The FBI agent was checking his phone. He was also in his shirt sleeves. “This is where we tracked the car that met the plane.”
Trick rubbed his eyes. “It just seems crazy these people would bring her to their home.” His hand swept out to encompass the expansive lawn of the Palm Beach estate.
They’d snuck over a tall spiked brick garden wall a few minutes ago. No alarm bells sounded, and they hadn’t been met with goons with guns.
Trick was half out of his mind. As soon as he saw the house, he’d started running toward it, but Ethan yanked his collar and dragged him behind a clump of bushes next to a big bald cypress tree.
Ethan scoffed. “You expectsanefrom these people?”
He had a point. “All right then. What are we waiting for?”
“Back up,” Ethan said, checking the latest message on his phone. “Fuck. We have our warrant, but the local bureau office is only now mobilizing. They’re at least a half hour out.”
That was too long. “We can’t wait.”
He could feel it in his gut. They needed to get to Tahlia now.
“I agree,” Ethan said, surprising him. It must have shown on his face because the agent snorted at him impatiently. “They’re lunatics who worship the devil. We don’t know what they are doing to her.”
Trick flinched, but Ethan just frowned, pointing out a guard patrolling near the house. “Don’t think about it. We go when he rounds the corner.”
He nodded. “Why aren’t there more of them?”
These people were obviously wealthy. They had a private beach for fuck’s sake. He’d expected the place to be crawling with armed guards.
“More guards, more witnesses.” Ethan never pulled his punches. The agent peeked around the tree. “Okay, go now!”
He started running, following the other man as he sprinted to the massive old-world-style mansion. They ran along the left wing of the house, crouching beneath a darkened window.
It was empty. “We should split up,” he said in a low voice as Ethan lifted the sash.
The agent climbed inside. “No way. I only have my service piece. What if you run into someone with a gun?”
“I don’t know how to shoot anyway.” He dropped into the room lightly after Ethan.
It was a salon of some kind. He landed next to a turn-of-the-century fainting couch. Expensive antiques littered the room.
“All the more reason we should stick together.”
“Fine,” he growled, reluctantly letting Ethan take the lead. Together, they prowled the hallway, peeking into room after empty room.
How big was this damn place?He shuddered to think of the twisted childhood Tahlia had under this roof.
They turned the corner, finding themselves in a luxuriously appointed foyer. An imposing mahogany staircase descended from a second story. Twin hallways swept into darkened recesses on either side.
“Which one first?” he asked.
Ethan opened his mouth to answer when a dark-suited man stepped out of the shadowy left hallway. “Sir, I think we have intruders. A motion sensor near the wall was trip—”

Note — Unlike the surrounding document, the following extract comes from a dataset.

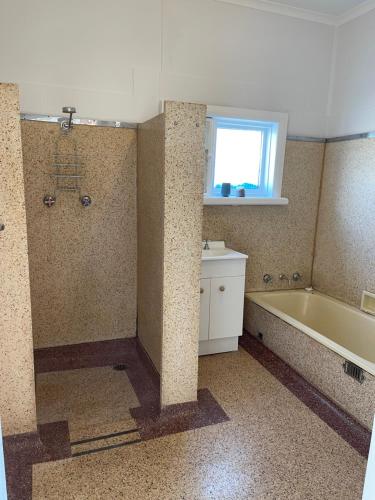 uma casa de banho com uma banheira e uma janela em Apartment 1 on Oxide em Broken Hill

The security guard glanced up in time to meet Ethan’s fist with his nose. Unfortunately, the stranger must have been on steroids or something. Physically, he was near Ethan’s build. The sucker punch didn’t take him down.
Ethan and the man grappled. “I got this. Go find Tahlia,” Ethan grunted as he punched the man again.
Trick didn’t need to be told twice. He whirled around. Which hallway?
Damn, I need some of Tahlia’s luck.
Unbidden, an image of him slipping his engagement ring onto Tahlia’s hand flashed through his mind.